President Donald Trump and First Lady Melania head to the Inaugural Parade reviewing stand from the White House in Washingtion, D.C., Jan. 20, 2017. Trump was sworn-in as the 45th president of the United States earlier in the day. U.S. Coast Guard photo by Petty Officer 2nd Class Patrick Kelley.
At The American Conservative, Pat Buchanan writes that Donald Trump won the presidency by saying goodbye to the free trade, open borders, amnesty pushing, regime change threatening ways of the GOP. Pat wonders how the Bush-Boehner style Republicans can ever return from their defeat. He writes (abridged):
“There is no Republican Party. There’s a Trump party,” John Boehner told a Mackinac, Michigan, gathering of the GOP faithful last week. “The Republican Party is kind of taking a nap somewhere.”
Ex-Speaker Boehner should probably re-check the old party’s pulse, for the Bush-Boehner GOP may not just be napping. It could be comatose.
Consider: that GOP was dedicated to free trade, open borders, amnesty and using U.S. power to punish aggressors and “end tyranny in our world.” That GOP set out to create a new world order where dictatorships were threatened with “regime change,” and democratic capitalism was the new order of the ages.
Yet, Donald Trump captured the Republican nomination and won the presidency—by saying goodbye to all that.
The world is changing. NATO and the EU are showing their age. Nationalism, populism and tribalism are pervasive on the Old Continent. And America’s willingness to bear the burden of Europe’s defense, as they ride virtually free, is visibly waning.

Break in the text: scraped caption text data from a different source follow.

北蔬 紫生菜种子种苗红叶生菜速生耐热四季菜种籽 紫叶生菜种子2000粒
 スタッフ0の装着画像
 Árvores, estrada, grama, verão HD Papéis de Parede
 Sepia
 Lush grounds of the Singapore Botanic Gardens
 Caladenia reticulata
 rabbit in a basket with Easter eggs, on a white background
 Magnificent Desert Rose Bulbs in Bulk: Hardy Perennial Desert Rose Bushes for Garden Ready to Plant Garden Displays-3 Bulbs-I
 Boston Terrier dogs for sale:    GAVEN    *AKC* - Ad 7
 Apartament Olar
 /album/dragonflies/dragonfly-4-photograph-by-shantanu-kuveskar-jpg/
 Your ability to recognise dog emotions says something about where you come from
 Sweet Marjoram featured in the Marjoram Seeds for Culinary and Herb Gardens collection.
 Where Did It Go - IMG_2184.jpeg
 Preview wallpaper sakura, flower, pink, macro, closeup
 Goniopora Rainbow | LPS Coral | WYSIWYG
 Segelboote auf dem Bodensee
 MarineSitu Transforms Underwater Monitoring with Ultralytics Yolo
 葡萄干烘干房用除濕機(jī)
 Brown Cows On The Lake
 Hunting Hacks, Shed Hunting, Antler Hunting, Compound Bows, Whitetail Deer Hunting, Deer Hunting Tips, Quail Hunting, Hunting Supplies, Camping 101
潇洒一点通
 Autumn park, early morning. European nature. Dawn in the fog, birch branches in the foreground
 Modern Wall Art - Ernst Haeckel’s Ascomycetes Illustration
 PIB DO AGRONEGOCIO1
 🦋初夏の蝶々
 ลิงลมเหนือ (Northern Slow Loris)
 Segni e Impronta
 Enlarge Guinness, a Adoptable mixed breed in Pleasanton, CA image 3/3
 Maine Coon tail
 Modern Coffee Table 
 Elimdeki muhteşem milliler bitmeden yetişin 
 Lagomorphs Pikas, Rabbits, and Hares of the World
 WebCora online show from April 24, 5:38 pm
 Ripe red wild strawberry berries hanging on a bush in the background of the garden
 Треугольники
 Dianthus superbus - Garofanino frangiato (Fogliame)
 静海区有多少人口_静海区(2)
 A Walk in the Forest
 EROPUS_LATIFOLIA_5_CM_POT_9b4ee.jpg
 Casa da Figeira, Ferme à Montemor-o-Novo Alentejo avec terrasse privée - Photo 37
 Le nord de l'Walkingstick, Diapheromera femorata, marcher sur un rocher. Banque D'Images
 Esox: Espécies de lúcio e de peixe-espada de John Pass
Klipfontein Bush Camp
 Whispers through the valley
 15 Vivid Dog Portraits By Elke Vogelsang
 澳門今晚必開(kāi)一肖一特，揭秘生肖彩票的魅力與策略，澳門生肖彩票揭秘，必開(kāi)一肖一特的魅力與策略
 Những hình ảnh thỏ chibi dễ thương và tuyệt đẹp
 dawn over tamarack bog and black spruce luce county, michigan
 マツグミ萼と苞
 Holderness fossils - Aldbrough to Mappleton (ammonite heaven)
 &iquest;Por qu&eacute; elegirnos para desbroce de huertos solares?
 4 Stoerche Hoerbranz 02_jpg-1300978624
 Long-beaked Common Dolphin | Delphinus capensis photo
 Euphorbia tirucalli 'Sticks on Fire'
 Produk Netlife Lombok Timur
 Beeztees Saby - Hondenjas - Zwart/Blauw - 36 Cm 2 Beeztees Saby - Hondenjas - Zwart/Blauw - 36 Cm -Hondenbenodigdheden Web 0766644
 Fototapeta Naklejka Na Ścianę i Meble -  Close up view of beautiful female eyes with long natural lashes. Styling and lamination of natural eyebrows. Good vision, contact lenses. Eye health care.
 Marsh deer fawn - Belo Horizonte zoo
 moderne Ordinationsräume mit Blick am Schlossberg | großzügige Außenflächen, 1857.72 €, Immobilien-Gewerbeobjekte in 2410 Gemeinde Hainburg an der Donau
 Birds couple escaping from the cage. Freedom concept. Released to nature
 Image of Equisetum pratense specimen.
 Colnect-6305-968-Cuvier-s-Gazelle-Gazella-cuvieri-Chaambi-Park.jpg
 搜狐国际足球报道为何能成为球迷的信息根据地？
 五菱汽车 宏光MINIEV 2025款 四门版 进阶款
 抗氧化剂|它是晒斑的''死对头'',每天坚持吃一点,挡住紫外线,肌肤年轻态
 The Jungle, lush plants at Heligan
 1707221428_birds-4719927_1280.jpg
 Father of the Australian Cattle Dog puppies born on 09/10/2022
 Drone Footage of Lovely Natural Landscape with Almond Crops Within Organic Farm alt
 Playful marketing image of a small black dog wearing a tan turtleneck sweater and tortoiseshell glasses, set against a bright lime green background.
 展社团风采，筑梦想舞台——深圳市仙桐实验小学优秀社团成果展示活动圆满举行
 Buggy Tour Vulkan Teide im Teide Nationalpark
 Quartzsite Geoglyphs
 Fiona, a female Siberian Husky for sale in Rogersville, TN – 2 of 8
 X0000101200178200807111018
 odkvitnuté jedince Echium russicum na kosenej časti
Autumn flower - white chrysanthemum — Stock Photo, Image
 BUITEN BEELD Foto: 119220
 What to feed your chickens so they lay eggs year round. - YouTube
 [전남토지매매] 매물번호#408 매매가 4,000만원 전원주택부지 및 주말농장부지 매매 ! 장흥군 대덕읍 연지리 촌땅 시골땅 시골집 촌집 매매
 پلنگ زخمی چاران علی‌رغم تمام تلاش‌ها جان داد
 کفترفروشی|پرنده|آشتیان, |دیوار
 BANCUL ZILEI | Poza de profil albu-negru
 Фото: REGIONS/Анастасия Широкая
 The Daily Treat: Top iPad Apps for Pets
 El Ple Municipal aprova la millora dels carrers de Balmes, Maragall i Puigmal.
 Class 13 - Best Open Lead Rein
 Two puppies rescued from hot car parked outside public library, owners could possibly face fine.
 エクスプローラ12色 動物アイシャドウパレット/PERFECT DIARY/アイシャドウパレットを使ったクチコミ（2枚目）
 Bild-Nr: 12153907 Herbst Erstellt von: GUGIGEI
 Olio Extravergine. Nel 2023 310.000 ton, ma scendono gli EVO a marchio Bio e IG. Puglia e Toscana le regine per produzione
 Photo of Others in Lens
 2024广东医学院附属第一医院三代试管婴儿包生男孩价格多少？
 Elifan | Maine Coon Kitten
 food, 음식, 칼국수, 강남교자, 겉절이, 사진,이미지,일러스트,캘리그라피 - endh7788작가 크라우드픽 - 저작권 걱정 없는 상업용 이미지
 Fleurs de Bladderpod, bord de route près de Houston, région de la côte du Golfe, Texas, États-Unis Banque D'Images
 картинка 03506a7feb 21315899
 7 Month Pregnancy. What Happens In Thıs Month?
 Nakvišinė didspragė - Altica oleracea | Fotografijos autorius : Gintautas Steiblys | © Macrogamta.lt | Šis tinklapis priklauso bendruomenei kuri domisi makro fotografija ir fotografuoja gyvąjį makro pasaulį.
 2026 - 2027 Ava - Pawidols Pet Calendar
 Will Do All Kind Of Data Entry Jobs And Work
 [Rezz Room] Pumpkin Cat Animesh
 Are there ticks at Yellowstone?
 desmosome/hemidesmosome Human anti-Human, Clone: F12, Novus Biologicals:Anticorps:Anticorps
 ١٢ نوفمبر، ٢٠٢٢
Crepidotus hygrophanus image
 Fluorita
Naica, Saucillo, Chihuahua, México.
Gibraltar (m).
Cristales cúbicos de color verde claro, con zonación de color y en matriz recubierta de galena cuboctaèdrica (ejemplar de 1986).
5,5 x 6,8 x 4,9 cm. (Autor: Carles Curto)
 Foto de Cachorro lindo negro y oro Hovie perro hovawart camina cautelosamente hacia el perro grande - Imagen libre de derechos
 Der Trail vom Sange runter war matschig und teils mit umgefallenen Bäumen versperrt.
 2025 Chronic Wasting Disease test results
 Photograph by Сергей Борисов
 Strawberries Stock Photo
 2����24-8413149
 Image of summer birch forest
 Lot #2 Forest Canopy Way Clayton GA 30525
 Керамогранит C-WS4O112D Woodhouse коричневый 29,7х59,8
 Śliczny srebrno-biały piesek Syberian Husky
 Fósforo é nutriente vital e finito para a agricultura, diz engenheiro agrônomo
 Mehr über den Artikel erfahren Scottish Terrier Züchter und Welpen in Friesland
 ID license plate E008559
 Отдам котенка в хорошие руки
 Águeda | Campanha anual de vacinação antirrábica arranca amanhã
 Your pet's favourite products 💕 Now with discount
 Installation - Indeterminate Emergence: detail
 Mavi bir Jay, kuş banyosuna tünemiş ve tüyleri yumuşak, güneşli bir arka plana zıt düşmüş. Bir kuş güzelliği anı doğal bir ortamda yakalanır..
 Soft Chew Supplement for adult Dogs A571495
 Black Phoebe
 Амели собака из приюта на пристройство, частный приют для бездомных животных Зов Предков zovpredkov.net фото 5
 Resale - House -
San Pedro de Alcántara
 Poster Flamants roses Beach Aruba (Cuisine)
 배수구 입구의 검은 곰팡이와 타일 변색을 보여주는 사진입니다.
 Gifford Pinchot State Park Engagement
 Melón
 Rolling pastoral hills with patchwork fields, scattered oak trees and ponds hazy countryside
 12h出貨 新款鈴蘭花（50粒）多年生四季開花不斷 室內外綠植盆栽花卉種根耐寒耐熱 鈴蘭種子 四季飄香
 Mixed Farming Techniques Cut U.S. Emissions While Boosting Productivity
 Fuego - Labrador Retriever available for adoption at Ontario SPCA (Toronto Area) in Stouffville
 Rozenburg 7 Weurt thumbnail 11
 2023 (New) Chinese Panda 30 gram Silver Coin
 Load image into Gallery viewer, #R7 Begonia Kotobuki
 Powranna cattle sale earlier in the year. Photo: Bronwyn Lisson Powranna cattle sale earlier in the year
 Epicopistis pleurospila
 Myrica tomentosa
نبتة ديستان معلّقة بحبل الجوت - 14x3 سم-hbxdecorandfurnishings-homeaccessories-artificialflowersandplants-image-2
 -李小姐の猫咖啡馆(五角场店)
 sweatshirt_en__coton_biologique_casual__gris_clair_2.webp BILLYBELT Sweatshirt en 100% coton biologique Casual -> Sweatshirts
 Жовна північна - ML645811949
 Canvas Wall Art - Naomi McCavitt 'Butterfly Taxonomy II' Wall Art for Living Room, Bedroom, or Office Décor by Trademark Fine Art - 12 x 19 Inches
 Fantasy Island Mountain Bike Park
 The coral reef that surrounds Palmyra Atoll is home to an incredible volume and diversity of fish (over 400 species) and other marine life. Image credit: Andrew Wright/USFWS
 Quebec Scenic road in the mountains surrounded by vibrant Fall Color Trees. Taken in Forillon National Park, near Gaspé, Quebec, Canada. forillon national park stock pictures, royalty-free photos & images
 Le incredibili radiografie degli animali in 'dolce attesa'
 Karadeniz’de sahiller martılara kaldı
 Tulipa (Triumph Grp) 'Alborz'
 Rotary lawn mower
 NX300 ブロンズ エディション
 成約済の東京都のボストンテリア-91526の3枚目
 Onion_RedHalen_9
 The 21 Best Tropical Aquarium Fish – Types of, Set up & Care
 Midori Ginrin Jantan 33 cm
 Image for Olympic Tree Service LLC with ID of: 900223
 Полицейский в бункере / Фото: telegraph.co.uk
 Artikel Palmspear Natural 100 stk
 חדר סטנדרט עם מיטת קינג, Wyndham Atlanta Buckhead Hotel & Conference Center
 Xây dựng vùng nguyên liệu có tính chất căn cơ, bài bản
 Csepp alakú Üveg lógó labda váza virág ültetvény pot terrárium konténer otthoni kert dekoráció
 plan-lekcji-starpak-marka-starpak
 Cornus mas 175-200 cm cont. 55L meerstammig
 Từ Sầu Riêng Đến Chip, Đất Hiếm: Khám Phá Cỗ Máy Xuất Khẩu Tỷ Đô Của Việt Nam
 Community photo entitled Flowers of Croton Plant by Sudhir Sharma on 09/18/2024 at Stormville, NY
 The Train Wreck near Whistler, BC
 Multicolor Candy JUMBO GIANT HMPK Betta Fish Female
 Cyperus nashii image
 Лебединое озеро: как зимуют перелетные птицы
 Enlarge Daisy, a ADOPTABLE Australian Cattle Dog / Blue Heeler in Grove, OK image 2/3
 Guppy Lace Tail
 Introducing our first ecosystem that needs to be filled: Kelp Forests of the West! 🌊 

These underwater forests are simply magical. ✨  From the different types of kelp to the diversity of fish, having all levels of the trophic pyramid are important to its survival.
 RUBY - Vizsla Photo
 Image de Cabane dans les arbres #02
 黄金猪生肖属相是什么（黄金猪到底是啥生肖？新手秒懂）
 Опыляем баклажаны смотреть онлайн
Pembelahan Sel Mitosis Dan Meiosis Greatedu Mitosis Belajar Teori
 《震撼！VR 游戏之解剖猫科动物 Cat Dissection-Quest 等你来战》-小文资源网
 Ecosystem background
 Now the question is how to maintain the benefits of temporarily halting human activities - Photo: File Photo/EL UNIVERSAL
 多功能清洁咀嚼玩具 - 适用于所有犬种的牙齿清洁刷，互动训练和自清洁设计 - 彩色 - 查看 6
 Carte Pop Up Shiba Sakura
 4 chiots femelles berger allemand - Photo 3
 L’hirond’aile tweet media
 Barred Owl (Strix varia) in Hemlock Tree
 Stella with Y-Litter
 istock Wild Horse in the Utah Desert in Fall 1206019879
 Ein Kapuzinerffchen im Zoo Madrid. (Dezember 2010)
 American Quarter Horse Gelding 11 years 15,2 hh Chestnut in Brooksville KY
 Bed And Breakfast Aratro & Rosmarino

It is hard to see why or how Republicans are ever again going to be the Bush-Boehner party that preceded the rise of Trump.
What would be the argument for returning to a repudiated platform?
Trump not only defeated 16 Bush Republicans, he presented an agenda on immigration, border security, amnesty, intervention abroad, the Middle East, NAFTA, free trade, Putin and Russia that was a rejection of what the Bush-Boehner Party had stood for and what its presidential candidates in 2008 and 2012, John McCain and Mitt Romney, had run on.
If the Republican Party is “napping,” let it slumber on, undisturbed, for its time has come and gone. We are in a new world now.